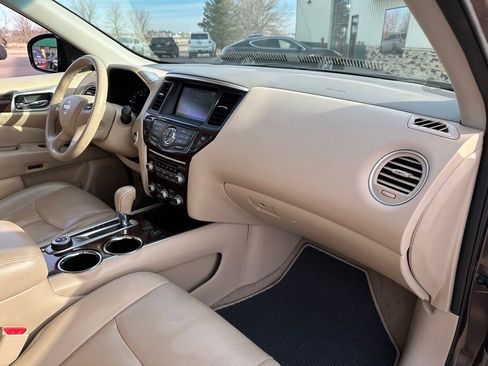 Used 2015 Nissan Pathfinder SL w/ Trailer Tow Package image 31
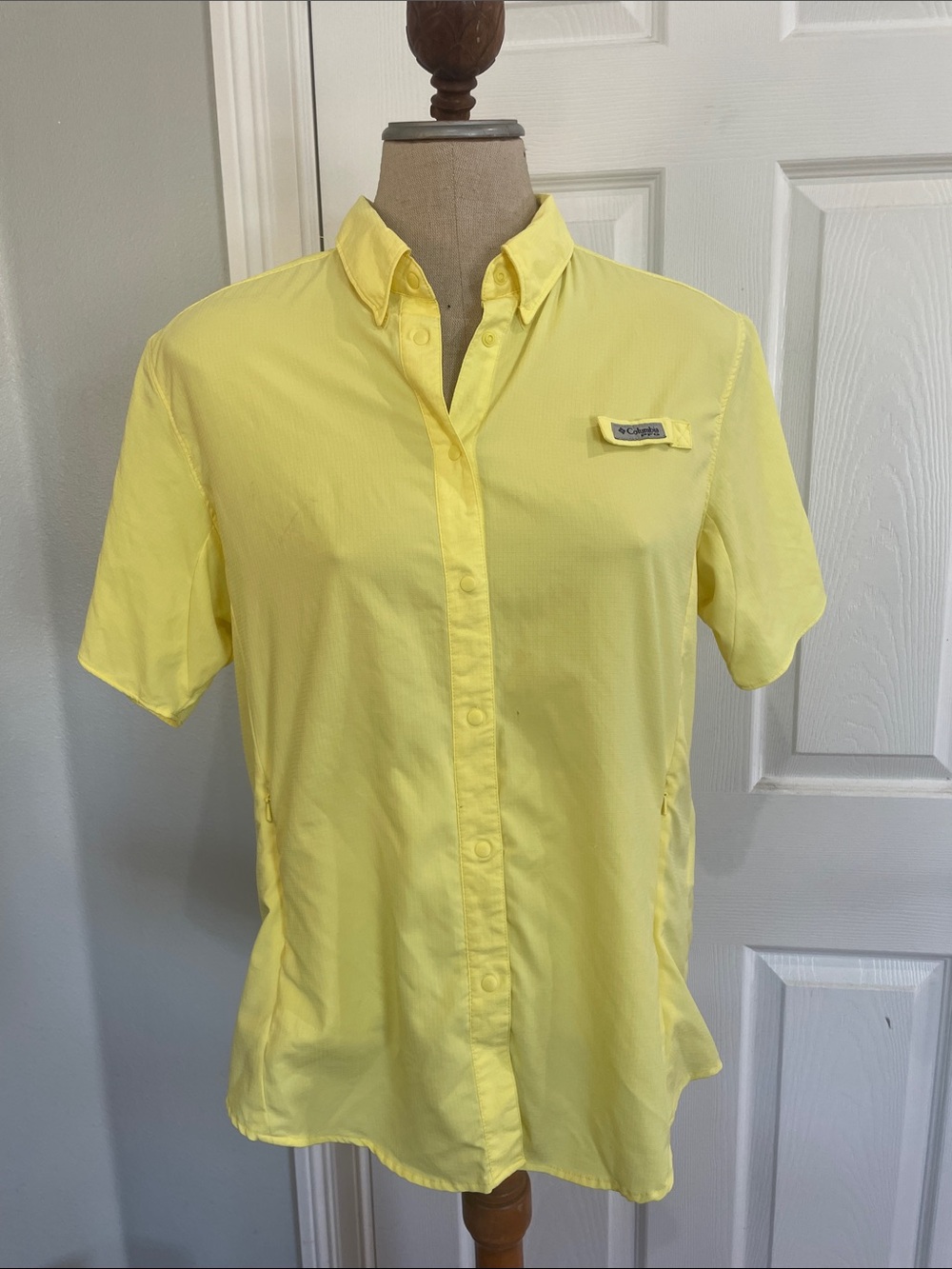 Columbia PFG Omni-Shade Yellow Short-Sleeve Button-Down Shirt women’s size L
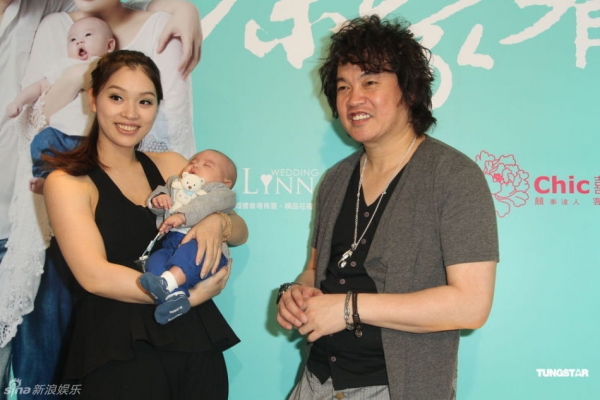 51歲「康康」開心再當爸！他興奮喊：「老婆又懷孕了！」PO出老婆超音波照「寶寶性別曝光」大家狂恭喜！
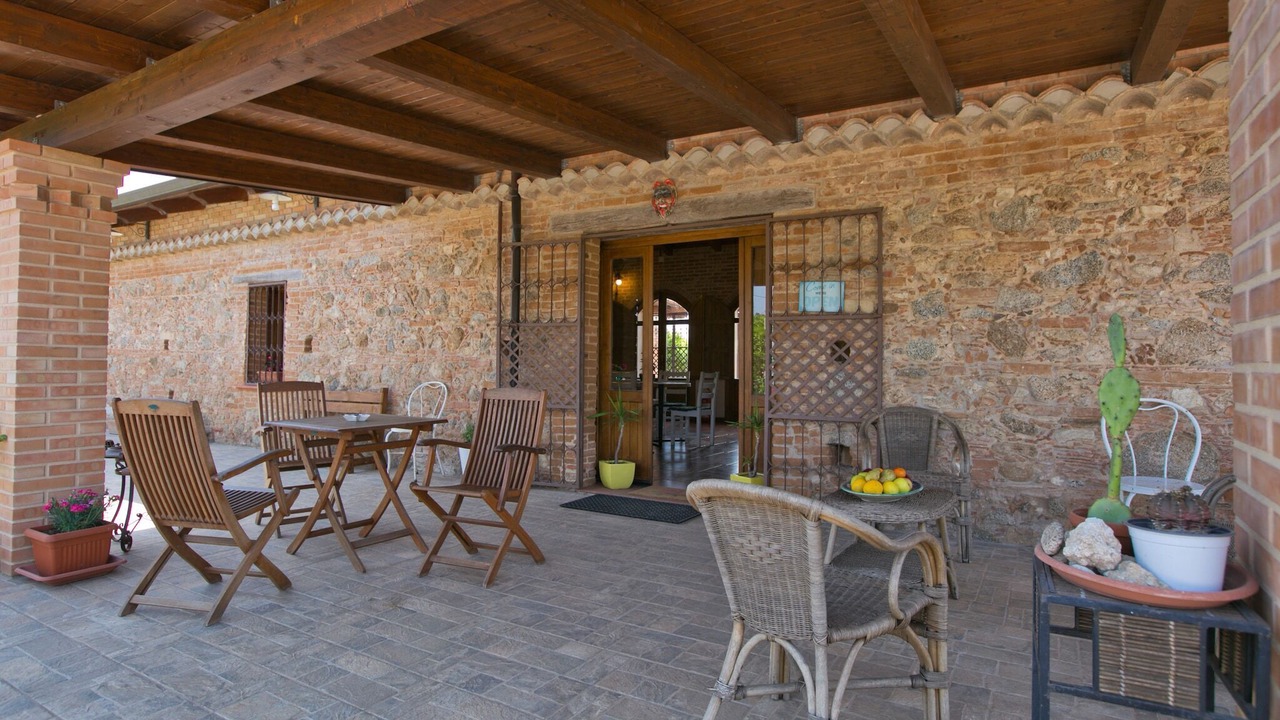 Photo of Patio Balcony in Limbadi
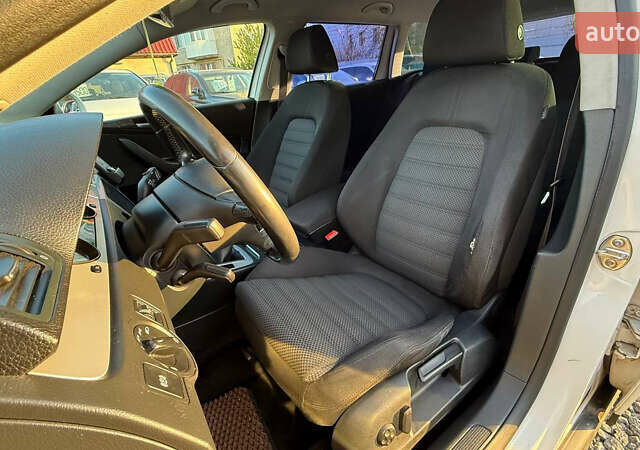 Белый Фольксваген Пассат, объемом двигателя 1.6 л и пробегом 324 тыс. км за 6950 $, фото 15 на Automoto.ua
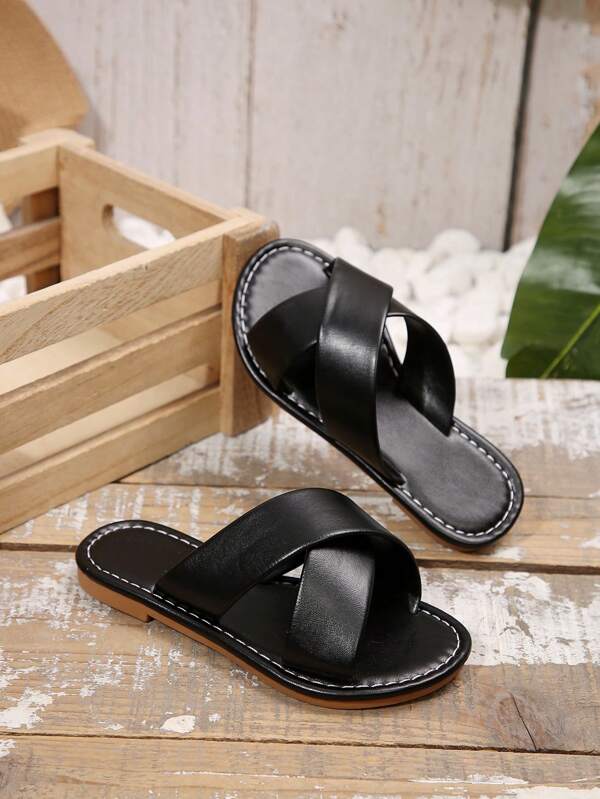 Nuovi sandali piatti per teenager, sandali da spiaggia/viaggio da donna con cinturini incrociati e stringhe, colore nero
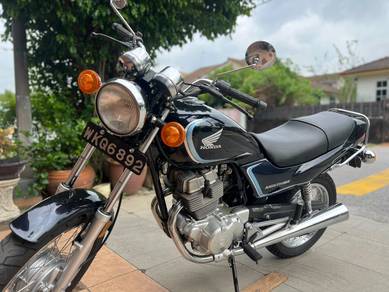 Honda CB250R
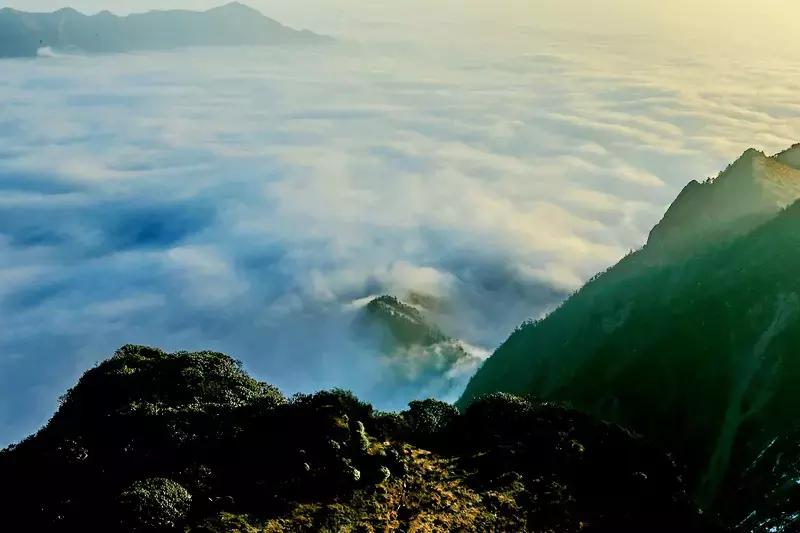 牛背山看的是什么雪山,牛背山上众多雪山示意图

------------

REQUIRED ACTION:
Repeat the line containing "Photo of Patio Balcony in Limbadi" and every line after it up to the end of the material above, exactly as they stand, minus the pictures.

RESULT OF THIS TASK:
 Photo of Patio Balcony in Limbadi
 Белый Фольксваген Пассат, объемом двигателя 1.6 л и пробегом 324 тыс. км за 6950 $, фото 15 на Automoto.ua
 Nuovi sandali piatti per teenager, sandali da spiaggia/viaggio da donna con cinturini incrociati e stringhe, colore nero
 Honda CB250R
 牛背山看的是什么雪山,牛背山上众多雪山示意图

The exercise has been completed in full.